Your task: Reproduce, character for character, the entries from their opening line through the line with "Coloring page of".

(Brief descriptive captions)
**********

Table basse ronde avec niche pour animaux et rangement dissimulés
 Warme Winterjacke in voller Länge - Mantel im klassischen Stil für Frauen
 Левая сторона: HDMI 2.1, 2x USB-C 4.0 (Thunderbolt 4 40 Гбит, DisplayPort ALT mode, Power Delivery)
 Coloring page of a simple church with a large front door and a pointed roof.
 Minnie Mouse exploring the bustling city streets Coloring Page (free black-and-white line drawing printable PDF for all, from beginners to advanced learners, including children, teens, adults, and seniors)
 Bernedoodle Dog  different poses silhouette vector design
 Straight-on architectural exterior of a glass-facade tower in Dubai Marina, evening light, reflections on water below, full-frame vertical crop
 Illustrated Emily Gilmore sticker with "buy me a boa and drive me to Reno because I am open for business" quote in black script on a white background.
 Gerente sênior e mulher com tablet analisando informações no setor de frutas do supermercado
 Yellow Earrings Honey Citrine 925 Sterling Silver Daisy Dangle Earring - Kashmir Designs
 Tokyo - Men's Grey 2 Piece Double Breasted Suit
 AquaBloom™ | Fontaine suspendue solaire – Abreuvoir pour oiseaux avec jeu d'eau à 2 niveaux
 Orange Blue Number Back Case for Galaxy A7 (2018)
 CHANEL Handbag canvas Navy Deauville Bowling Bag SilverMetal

**********

Written reply:
Table basse ronde avec niche pour animaux et rangement dissimulés
 Warme Winterjacke in voller Länge - Mantel im klassischen Stil für Frauen
 Левая сторона: HDMI 2.1, 2x USB-C 4.0 (Thunderbolt 4 40 Гбит, DisplayPort ALT mode, Power Delivery)
 Coloring page of a simple church with a large front door and a pointed roof.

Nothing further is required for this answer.